Teaneck’s David Bockman Releases Jewish Jazz CD

A project that began with a Kickstarter campaign three years ago has finally come to fruition with the recent release of Rabbi David Bockman’s “Kind of Blue and White,” a Jewish jazz CD. Originally promoted on Kickstarter as “Rabbi invades studio to record ‘Contours of Shabbat,’” Bockman finally fulfilled his pledge to those who backed the project by sending them the completed CD, which is also now available at Judaica House; online from CD Baby, Amazon.com and iTunes and can be borrowed from the library in Teaneck, Bergenfield and Englewood.

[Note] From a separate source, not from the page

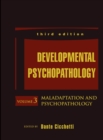 Image for Developmental psychopathologyVolume 3,: Risk, disorder, and adaptation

Although his name is on the album, the result is a collaborative effort with many musicians—Jewish and otherwise—from Northern New Jersey and New York, among them Grammy winners and touring musicians. Since moving to the area in 2005 to head the Conservative shul in Bergenfield, which has subsequently merged with Teaneck’s Congregation Beth Sholom, Rabbi Bockman has become actively involved in the local music scene, mostly attending jam sessions of blues, jazz, funk, pop-rock and R&B, where not everybody knew how to incorporate a kippah-wearing trumpet player into, say, a Jimi Hendrix or Beatles set.

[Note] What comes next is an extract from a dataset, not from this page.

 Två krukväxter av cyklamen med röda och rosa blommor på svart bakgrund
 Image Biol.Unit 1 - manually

Working with Paterson guitar legend Charlie Jones, however, the rabbi developed a sound that is both familiar and fresh, utilizing traditional davening melodies and words with new arrangements that he hopes will appeal to a broad range of listeners. Even non-Jews have been very enthusiastic about the music on this album (mostly in Hebrew, of course), an eclectic mix that features Bockman’s trumpet and flugelhorn in ensembles of various sizes and formats. “My background in leading davening for my shuls over the years has definitely helped me in interpreting these songs, but my hope is that knowledgable Jewish listeners will hear on this CD new ways to approach tefillot with which they are so familiar they may not even have any kavanna any longer. It’s a way to re-awaken this material for them.”

Incorporating Brazilian jazz-pop (Yedid Nefesh) and a swampy blues style he picked up while leading congregation Chevra Thilim in New Orleans (Ata Echad), as well as straight-ahead jazz numbers (Vayechulu and Oseh Shalom) and a Beatles tune (Ein Kelokeynu), the album concludes with its only non-prayer moment (Yerushalayim shel Zahav), which helps to cement the material on the rest of the album with the idea that what had once been abandoned can be reawakened into glorious life, because “you see it’s all clear, we were meant to be here from the beginning.”

Rabbi Bockman currently leads a congregation in Pompton Lakes, New Jersey and sings with the Tavim a cappella group at Congregation Beth Sholom in Teaneck.